Carlos Lopez Estrada ne joue pas dans la demi-mesure avec ce film, appuie son style en jouant de la tendance « woke », celle d’une jeunesse américaine souciée des problèmes communautaires de son époque, entre racisme anti-asiatique, grossophobie, homophobie, intolérance, et d’autres plus simples. L’histoire ? Celle de 25 jeunes à Los Angeles, s’entrecroisant pendant une journée ensoleillée, alors qu’ils sont tous plus où moins confrontés à des soucis quotidiens… Le réalisateur ne recherche pas tant l’émotion directe par le « spoken word », sorte de texte oralisé alternant entre chant, poésie et slam, permettant aux 25 artistes du film de s’exprimer en toute liberté. Bien au contraire, qu’il s’agisse du rap ou d’un chant au crépuscule, l’expression passe par toutes les formes, se rejoint également lorsque les personnages se croisent… Ce procédé permet non seulement de ne pas céder à la facilité du pathos comme on aime tant le nommer ainsi, mais surtout d’illuminer le regard saisi d’incompréhension, éveillé d’un jeune confronté à la société.
Caméra portée, gros plans et raccords d’une séquence à l’autre, il s’agit de naviguer dans ce Los Angeles urbain, ensoleillé et paisible à la surface mais nourri d’habitude sociales complexes, de réflexes plus obscurs. Sans romantisme forcé ou par la comédie musicale pure comme dernièrement (D’où l’on vient, Jon M. Chu), le film d’Estrada ne ressemble pas tellement au cinéma de Spielberg tel un West Side Story prônant la fierté communautaire (le remake du film de Robert Wise, par le même sort prochainement), mais bien au contraire isole chacun de ses personnages dans une bulle de laquelle il doit tenter de se sortir. Seulement après cela, puisse-t-il s’affranchir et soutenir le texte de l’autre artiste bloqué dans la sphère sociale.
Une jeunesse connaisseuse du regard et de l’opinion de l’autre, que l’on suit dans des environnements bien différents (du bus à la banlieue, au restaurant jusqu’au studio de musique, et au psychologue) donnant bien évidemment la sensation de vertige, d’autant plus que la mise en scène rejoint tout à fait cela. C’est un voyage énergique et chaleureux -d’une jeunesse sujette à des crises intérieures. Plusieurs scènes frôlent le sublime, notamment celle où une jeune femme rappelle l’attaque d’un jeune homme sur son physique, clamant qu’il aurait mieux valu qu’elle meurt plutôt qu’elle vive, lui renvoie ses dires dans un discours des plus captivants. Une autre – et c’est bien là le propos d’Estrada, couvrant l’introduction et l’épilogue – est un passage musical chanté, à l’aube et pendant un feu d’artifice de nuit, où le regard sur le monde est lumineux, moins fermé : la jeune femme ne sera plus seule à chanter, mais accompagnée de ses autres confrères et artistes du film. Confronter le monde par la poésie, l’art de manière globale puis y retrouver la superbe jadis présente.

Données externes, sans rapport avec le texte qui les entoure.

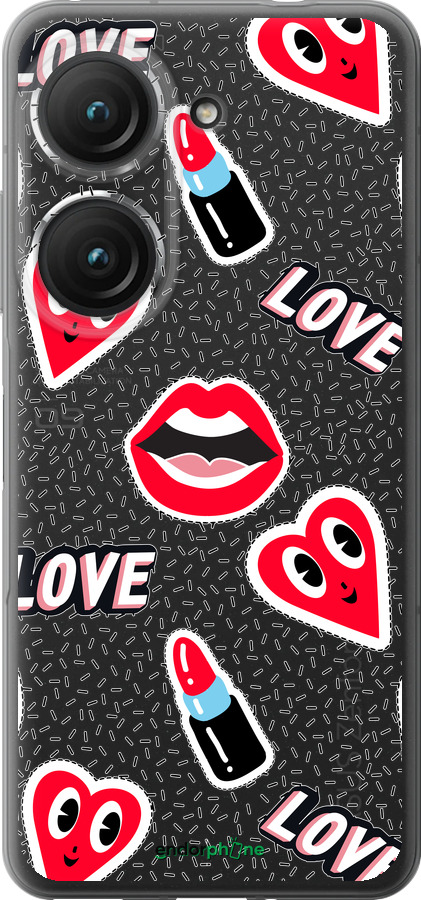 Силиконовый чехол Стикеры v3 для Asus Zenfone 9 - 5502u-2842 изображение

Summertime est un film-concept, qui ne plaira pas forcément à tout le monde bien évidemment. Le récit n’est pas des plus complexes, consiste en un objet sociologique que certains trouveront soit peu subtil (malgré sa belle poésie) soit ennuyant, et cela en dépit de toutes ses qualités cinématographiques. Une chose est certaine, Carlos Lopez Estrada revendique la liberté d’expression d’une simplicité apparente (les thèmes, si exploités au cinéma) – et d’une complexité au fond (le concept, trop ambitieux ?) – passionnante, presque contradictoire, mais à saluer comme toute création se démarquant très facilement des autres productions du genre. Un beau film, aux artistes-acteurs inspirés, confirmant le talent du cinéaste mexicain-américain.
⭐⭐⭐⭐
Note : 4 sur 5.Summertime au cinéma le 15 septembre 2021.